GOLDEN (103,000 words) is a YA post-apocalyptic-fantasy novel set one hundred and fifty years after the end of the world; a stand-alone with series potential. The first fifteen pages of GOLDEN were nominated for the Sue Alexander Award at SCBWI-LA by Arianne Lewin (Penguin/Putnam) in 2009.
I’m a member of SCBWI, Codex Writer's Group, and was accepted into Orson Scott Card’s Literary Boot Camp in 2008. I've been mentored one-on-one in my writing by James Scott Bell and Randy Ingermanson, and had several short stories published in various online and print magazines (Dragons, Knights & Angels, AlienSkin, and The Year’s Best Anthology for The Sword Review). I was also given the First Annual True Grit Award at the Mount Herman Writer’s Conference for my apparent inability to give up. On a practical level, I’ve dealt extensively with teens in crisis as a counselor at the Crisis Pregnancy Center, as a Youth Pastor with my husband for seven years, and as a mentor at the Psychiatric Hospital in our area.
The boys have this thing they like to do. A lunch game, they call it.
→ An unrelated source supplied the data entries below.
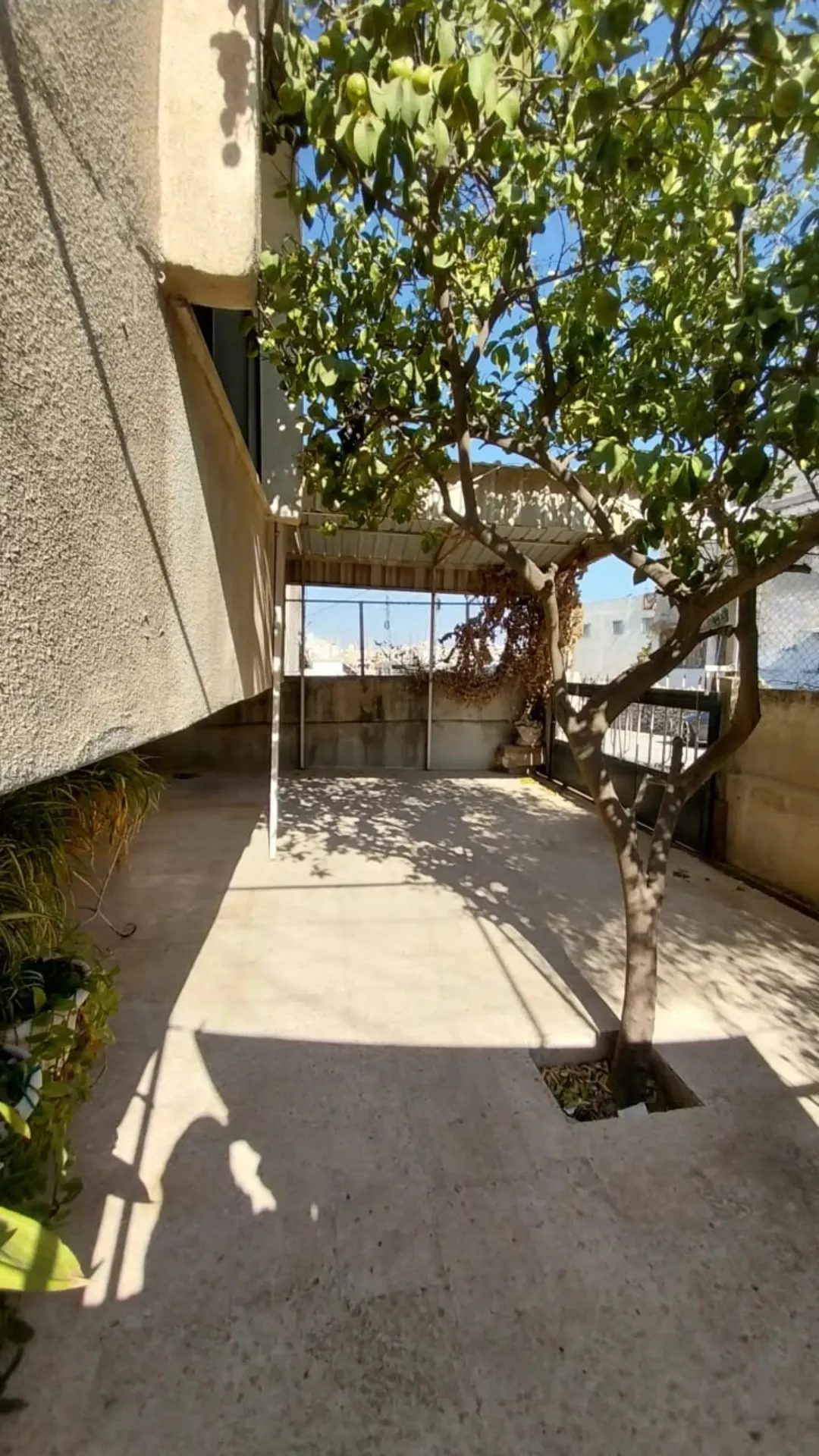 عمارة 3 طوابق للبيع في قوشان مساحة واسعة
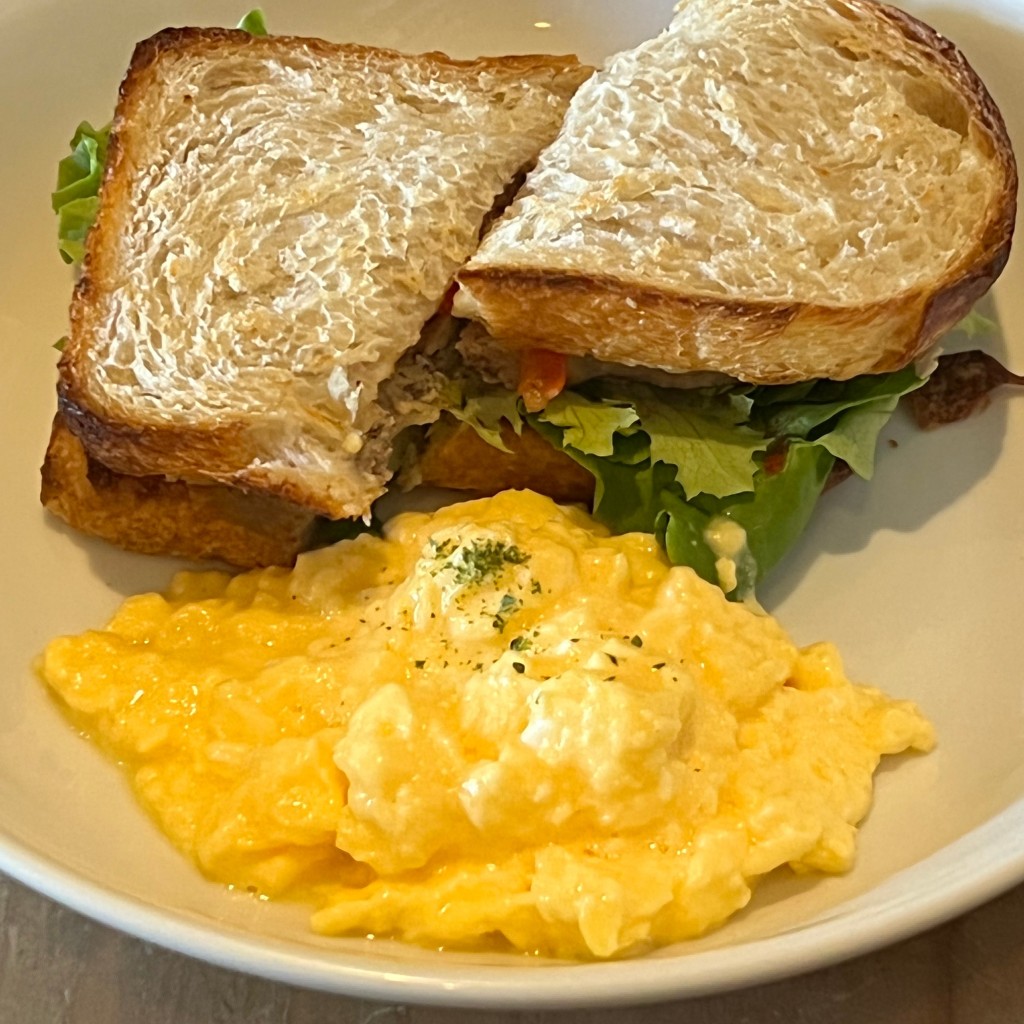ユーザーが投稿したレバーパテトーストサンドイッチの写真 - 実際訪問したユーザーが直接撮影して投稿した駒場喫茶店BUNDAN COFFEE&BEERの写真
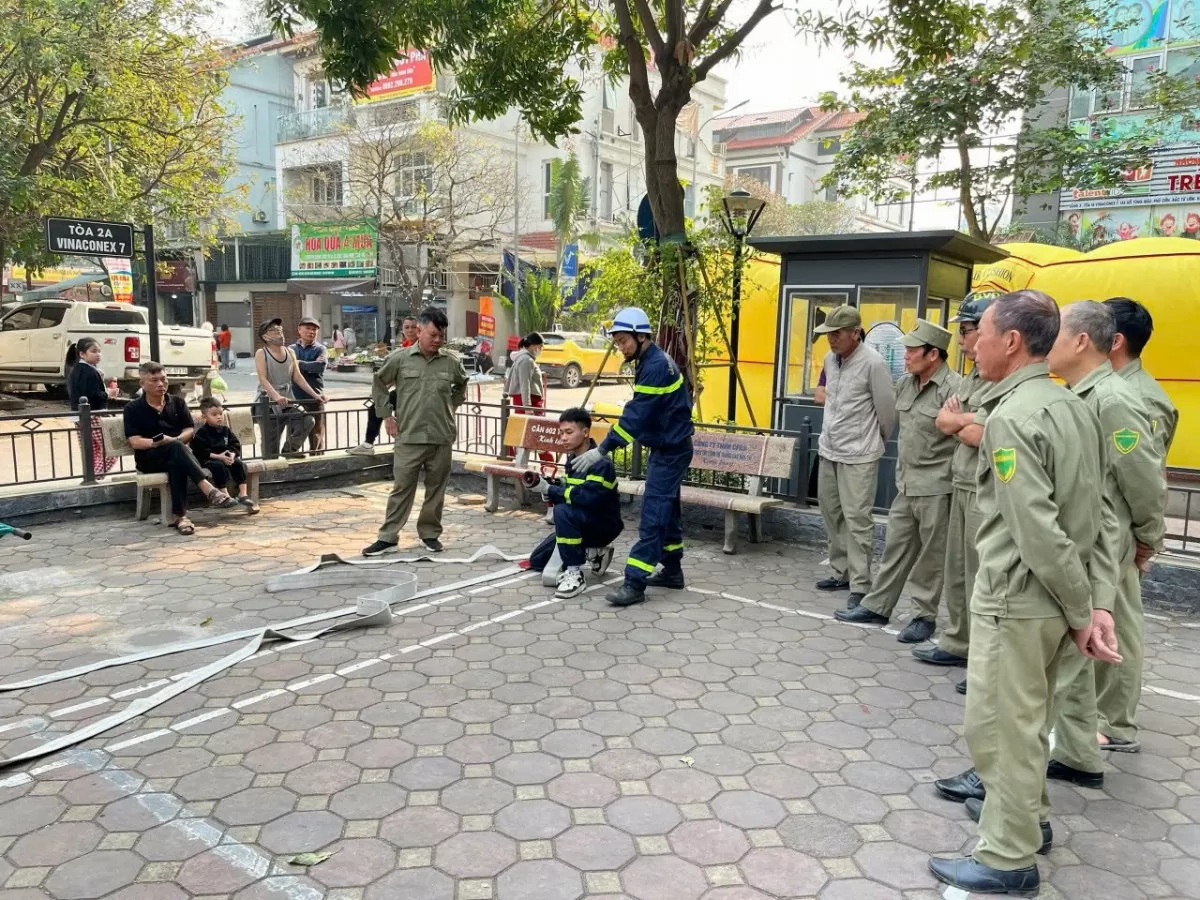 Hà Nội: Hàng nghìn cư dân thực hành phòng cháy chung cư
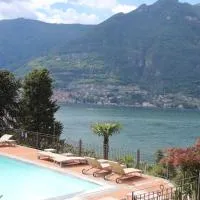 House just minutes from Como breathtaking view, hotel in Faggeto Lario 
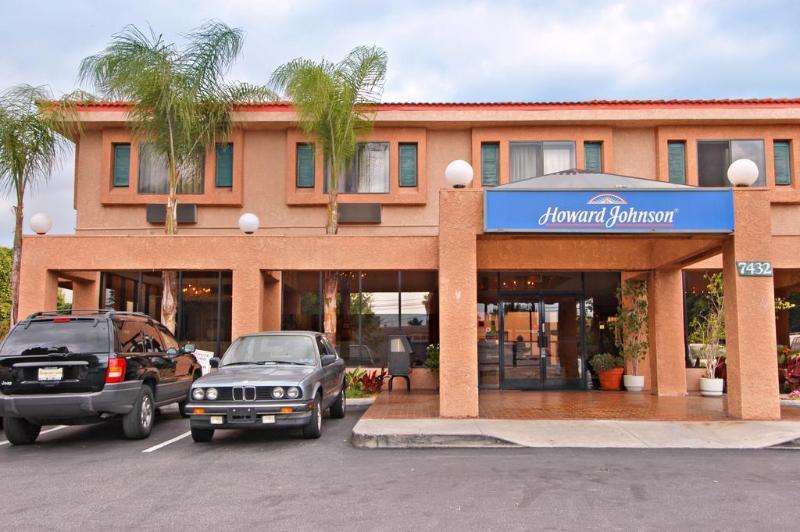 Howard Johnson By Wyndham Reseda Hotel & Suites Los Angeles Eksteriør bilde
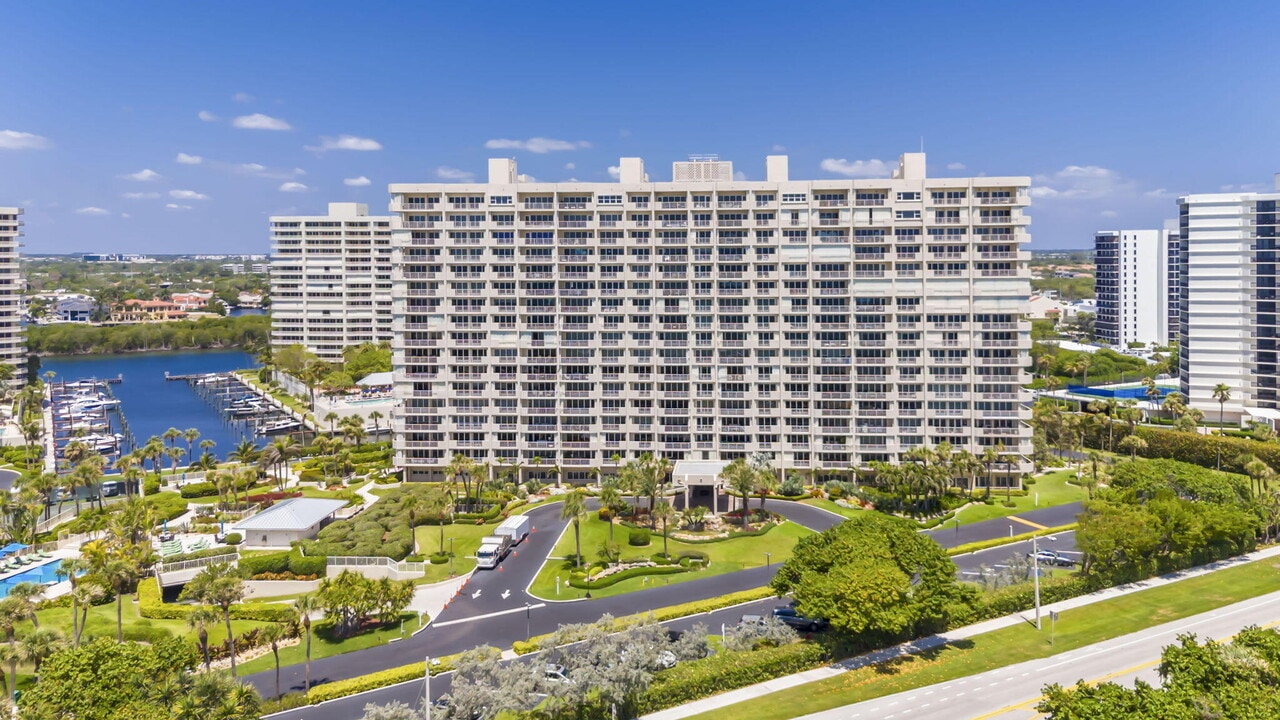 4301 N Ocean Blvd in Boca Raton, FL - Building Photo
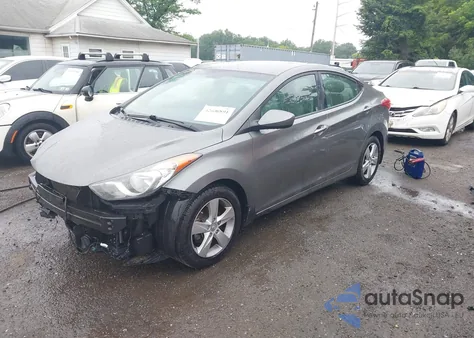 2013 Hyundai Elantra Gls из США, поврежденный, VIN 5NPDH4AE9DH232018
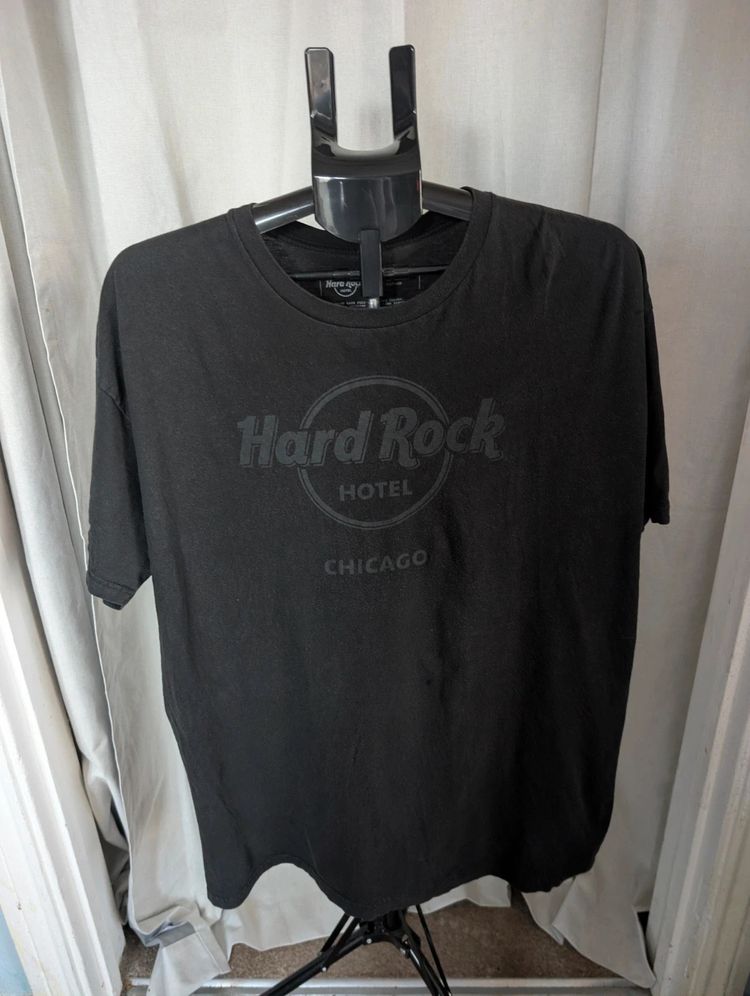 Hard Rock Hotel Chicago T-Shirt Black XL Extra Large Tonal Graphic Cotton Top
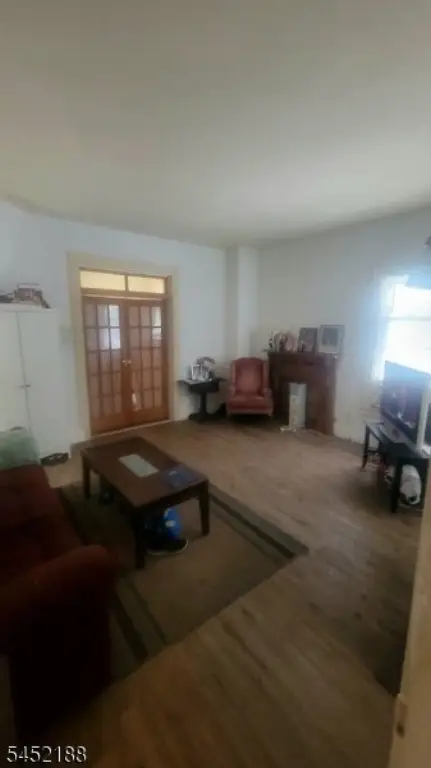 Picture 16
First, you get yourself an abandoned building--not difficult around here. Wait until you’ve got good sunlight. Then, you catch yourself a night crawler--and I don’t mean a worm. I mean, one of the undead that come up from the holes and cracks in the earth at night and scrounge around the City for warm blood.
After you’ve got that hundred-year-old corpse in your clutches--usually shot up with raig (the drug of choice for crawler-catching) and tied with a sheet--you lock yourself in the abandoned building, black the windows to keep the sunlight out, untie your captive, and tra-la, you have yourself a game. It should be called: Kill The People Eater, Before It Kills You.
Being a girl, I’m constantly having to prove myself.
Ray…bet you can’t jump to that ledge. Ray…bet you can’t hit that rat from here.
Boys…bet your brains are as small as your wankers.
This is how it is when you’re surrounded with male crazy 24-7. You have no choice except to beat them at their own game.
And so, I’ll chop off this crawler’s head before it can bite off mine.